[SUPPLIED INFORMATION]:
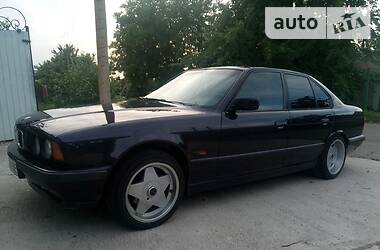 Седан BMW 5 Series 1989 в Верхньодніпровську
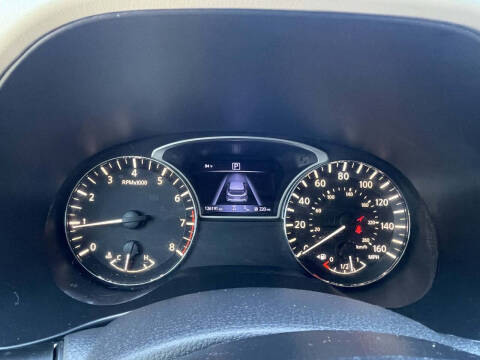 2019 Nissan Pathfinder S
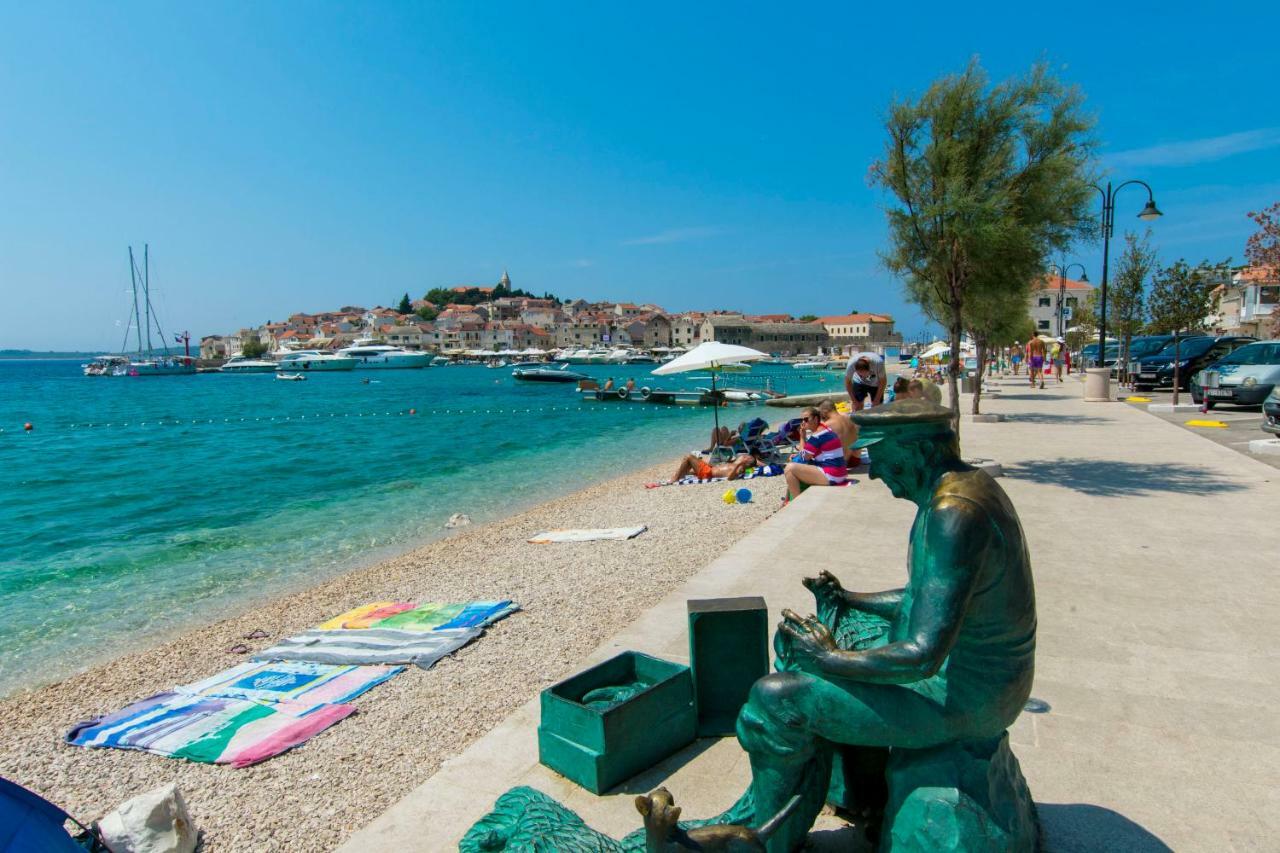Apartments Guzela Primošten Εξωτερικό φωτογραφία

[TASK PROMPT]: Here the lines from the one containing "2019 Nissan Pathfinder S" through the end of the material are to be copied exactly, with the pictures omitted.

[TASK RESPONSE]:
 2019 Nissan Pathfinder S
Apartments Guzela Primošten Εξωτερικό φωτογραφία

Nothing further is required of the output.